One area of sports performance that I constantly find myself fascinated with is that of placebo effects, and its related cousin, expectancy. I find it really interesting that an inert substance can exert clear performance enhancing effects, as this has potentially huge implications for sporting performance.
My fascination might come from the fact that I myself am very susceptible to placebo effects; as a youngster, my mum (highly unethically, I must add) reduced my fear of flying by giving me anti-anxiety pills, which I later discovered were just licorice tablets. I’ve previously written in depth about some of my favorite studies in this area, including my all-time favorite where well-trained powerlifters got substantially stronger when they thought they were taking steroids, and then immediately weaker when they were told they actually weren’t. Recently I also authored an academic paper suggesting that some of caffeine’s performance enhancing effects might be partially driven by our recognition of its bitter taste, similar to how research has shown that swilling and spitting a carbohydrate drink might lead to performance enhancement. The topic is fascinating.
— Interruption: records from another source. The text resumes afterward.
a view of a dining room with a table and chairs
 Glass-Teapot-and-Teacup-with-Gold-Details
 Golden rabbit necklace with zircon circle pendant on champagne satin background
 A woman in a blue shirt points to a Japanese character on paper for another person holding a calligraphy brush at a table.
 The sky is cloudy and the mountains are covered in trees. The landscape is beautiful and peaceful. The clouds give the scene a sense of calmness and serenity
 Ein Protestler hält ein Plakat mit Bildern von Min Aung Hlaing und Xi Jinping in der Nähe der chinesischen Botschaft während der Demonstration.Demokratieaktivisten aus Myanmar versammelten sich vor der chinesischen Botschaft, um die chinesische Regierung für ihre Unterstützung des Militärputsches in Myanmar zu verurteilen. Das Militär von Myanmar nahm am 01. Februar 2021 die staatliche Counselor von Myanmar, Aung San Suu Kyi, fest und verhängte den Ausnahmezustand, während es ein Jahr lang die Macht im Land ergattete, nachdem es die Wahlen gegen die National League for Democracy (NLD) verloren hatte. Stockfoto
Social factors and the placebo effect
All of this provides some background as to why a recent paper, published in the European Journal of Sports Science, caught my eye—and why I think it could have important ramifications. Titled “You don’t need to administer a placebo to elicit a placebo effect,” the authors explore how social factors—including people—can elicit a placebo effect, and how it might affect sports performance. This is something which I tangentially touched on in a previous HMMRMedia article about whether anxiety is contagious.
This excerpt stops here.